You may feel like many other sellers, that the only way to differentiate between so many estate agencies that appear to offer similar services is to go with the one offering the lowest commission.
More often than not this strategy backfires. Time and time again we see sellers losing literally thousands of pounds using a cheap agency. Low commissions are only possible if comers are cut. There may be little or no sales training for their staff or after-sale support for you, which results in missed offers, a slower sale and a lower sale price.
In these circumstances, why would anyone spend the time negotiating on your behalf for every penny? You can usually spot them by the fact that they have early closing hours, little or no weekend and late evening viewings, no regular contact with their customers, photocopied (rather than nicely designed and printed) details with hard-to-see photos (if they have proper photos), scruffy-looking boards and adverts with pages and pages of houses all crammed into as small a space as possible. To guarantee a certain level of profit in the business, agencies offering low commissions need to secure a high turnover of properties to keep going. With so many properties on their books, they simply don’t have the time to ensure clients have the best possible care during one of the most stressful periods of their life.
You really don’t want your property just sitting there amongst a pile of others. I heard one agent describe his process as “throwing as much muck at the fan as possible and seeing what sticks”. Please keep away from this type of agent – it’s not healthy!
In addition, you will frequently find that these agencies place great importance on the number of boards they display. This is obviously no indication of how many properties have been successfully sold through to completion, only that the property is currently for sale or that the sales process has begun. The same applies to any adverts. Just because one agency saturates the them with properties, it doesn’t mean that your property will be easy to see. In fact, the reverse is likely to happen.
If you really are anxious about agents’ fees, you can always offer them a money incentive (such as £1,000) if they sell your property. This will focus the agent’s mind considerably and ensure that your details are on the top of the pile to show a prospective buyer. Remember if you do this, you must lay out exactly what you expect from them in return.
Rule number one: don’t expect a good agent to tell you over the phone what their fees are.
Like most industries, you can’t expect someone to give a quote for work if they have not seen what they are dealing with – you wouldn’t expect a decorator to quote before seeing the room. The same applies for quality estate agents – if you want them to do a fantastic job then let them tell you what the investment will be – and of course listen to how they earn that fee.
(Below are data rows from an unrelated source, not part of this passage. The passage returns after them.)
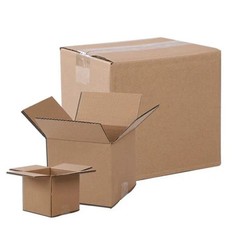 100Pc 4X4X4 Cardboard Paper Boxes Mailing Packing Shipping Box Corrugated Carton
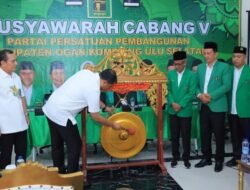 Bupati dan Wakil Bupati OKU Selatan Hadiri Pembukaan Muscab V PPP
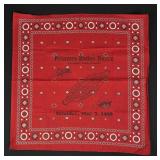 1938 Great Falls Montana Printers Rodeo Bandana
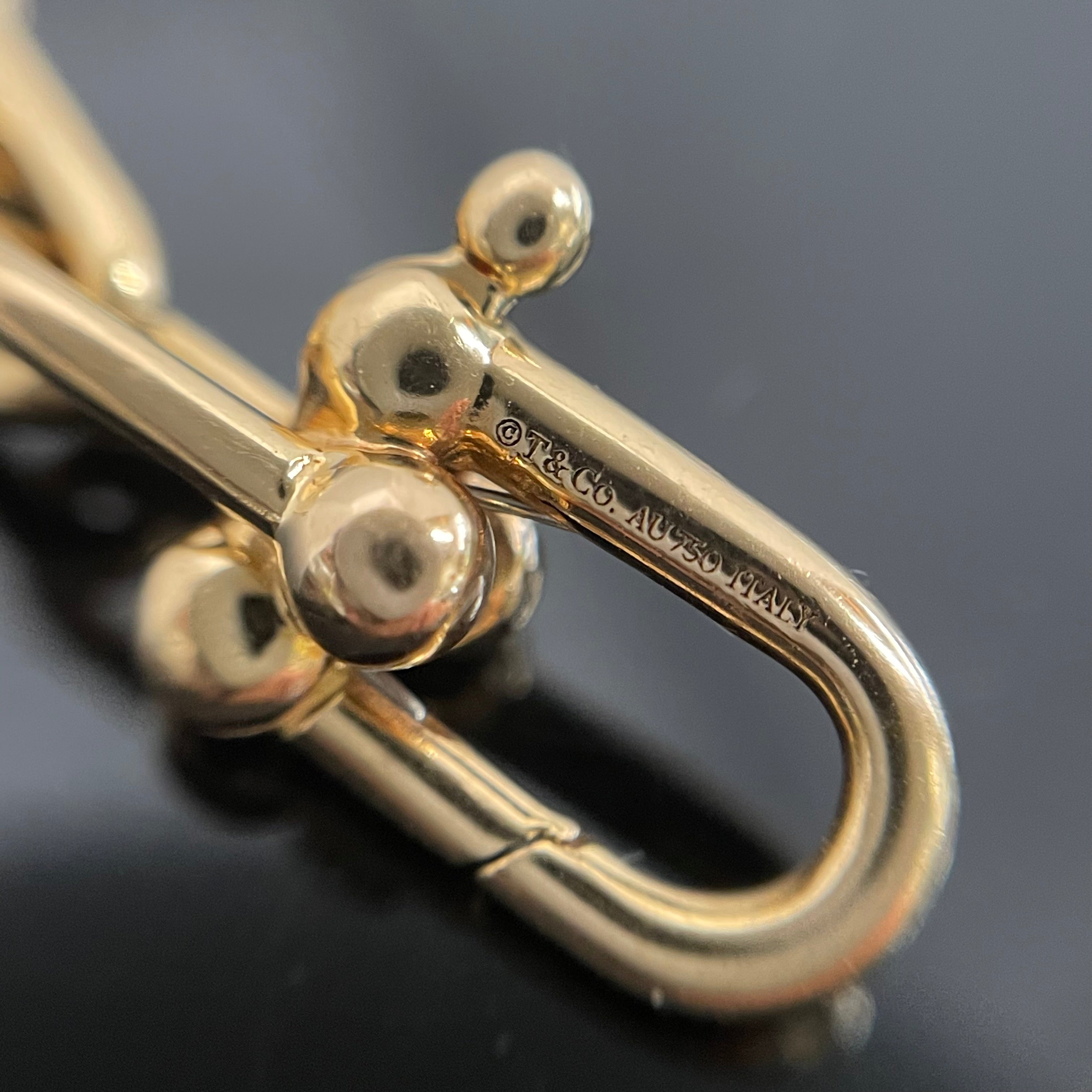 【送料無料】_TIFFANY &Co_(ティファニー)_スモール リンク ブレスレット _Au750イエローゴールド _中古品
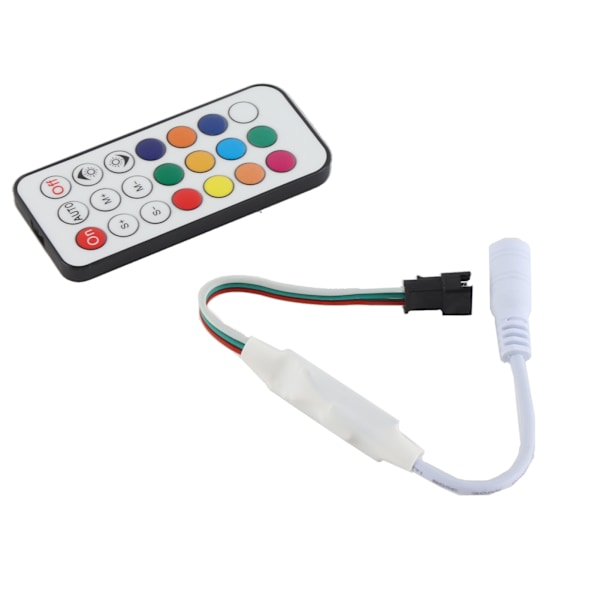 21 Keys RF Mini Wireless Remote Dimmer Controller WC2811 2812B Full Color Adjustable Brightness Power RF LED Dimmer
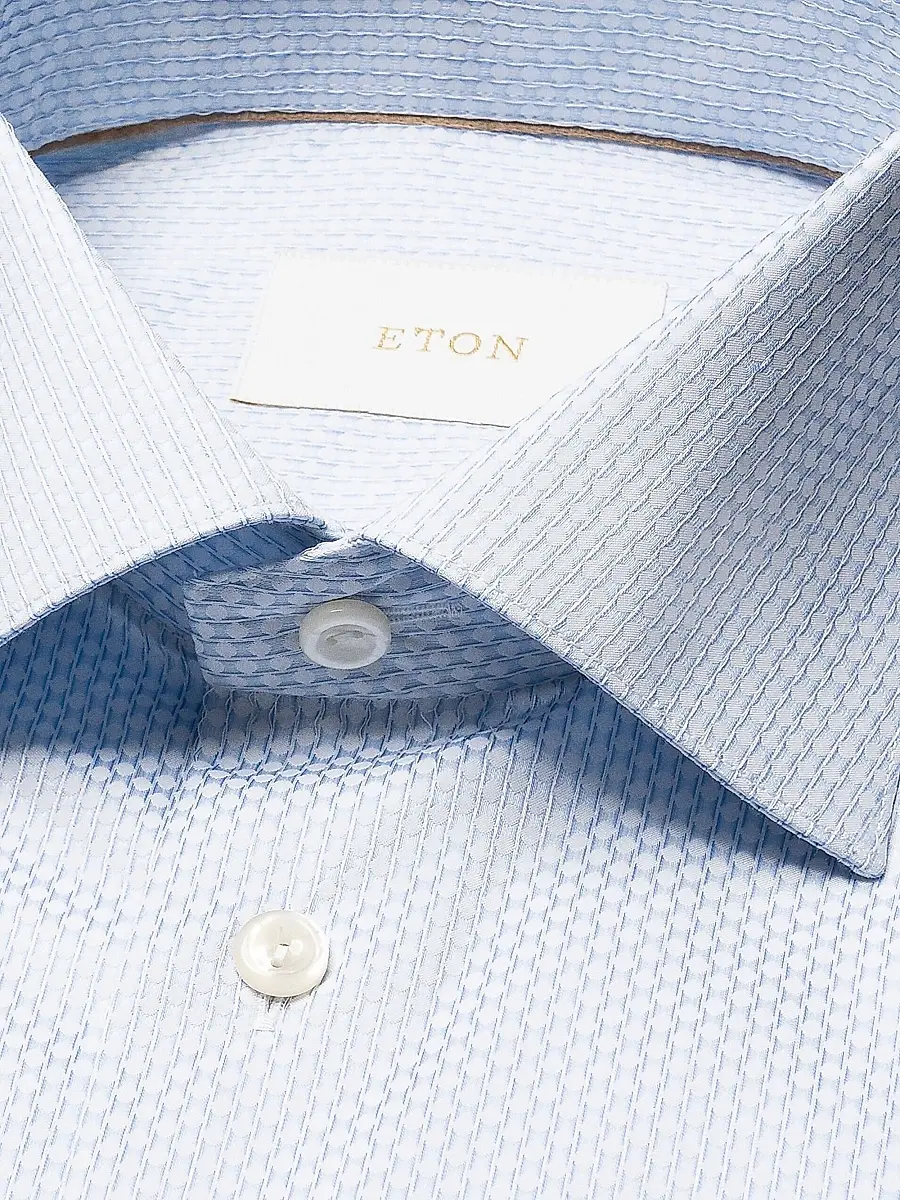 Eton Men's Slim-Fit Dotted Brocade Elevated Shirt | Thumbnail 5 Eton Men's Slim-Fit Dotted Brocade Elevated Shirt | Thumbnail 5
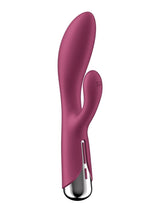 Satisfyer Spinning Rabbit 1 Rechargeable Silicone Rabbit Vibrator - Red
I promise you, they are not all the same.
Low commissions (or budget agents as they are sometimes referred to) are not a good sign; they have to take on a lot of properties to reach a certain level of profitability and you can expect little, if any, service as a result. In this case, what seemed as the outset to be a bargain may ultimately cost you much more than you planned to spend in money, time and stress.
If you are paying a higher commission, you have the right to complain about poor service from your agent (and then negotiate a lower fee if you feel necessary)
If you have a discounted rate, it is much harder to complain. What does a low fee say about the agent’s confidence and negotiating skills? I would rather pay just that little bit more for an agent that I know was going to perform, stick up or me, and negotiate a higher sale price.
Here is an example of how you can check to see if the agent is worth the investment.
Ask each agent you speak to, what their average asking price achieved is. This is key to working out what your return on investment is and it is always different from agent to agent.
- Agent One: Charges 1% +VAT and on average, achieves 94% of the marketing price.
- Agent Two: Charges 2% +VAT and on average, achieves 97% of the marketing price.
- Agent Three: Charges 1.25% +VAT and on average, achieves 95% of the marketing price.
Now let’s assume they all value your property at £400,000. Who is offering the best value for money here?
- Agent One: Fee= £4,800. Price Achieved: £376,000. Total walkway price for you: £371,200.
- Agent Two: Fee= £9,600. Price Achieved: £388,000. Total walkway price for you: £378,400.
- Agent Three: Fee= £6,000. Price Achieved: £380,000. Total walkway price for you: £374,000.
So despite Agent One being £4,800 cheaper than Agent Two, the vendor would actually be £7,200 better off with Agent Two.
This is such a simple exercise that you can do on a valuation and it will also give you a good opportunity to see if the agent in front of you knows anything about their own business or what they can offer their clients.
You may also find that some agents charge a fixed fee. This is okay too, and don’t feel disheartened and think they are not motivated to achieve you the best price because it is not based on the final price achieved, any professional, quality agent will want to achieve the best price possible so you walk away from this journey feeling like you’ve had good value for money and are happy to recommend their services.
Remember, using a cheaper agent will not always save you money, in fact it can cost you thousands – but make sure that you understand the value and convenience that is being offered to you.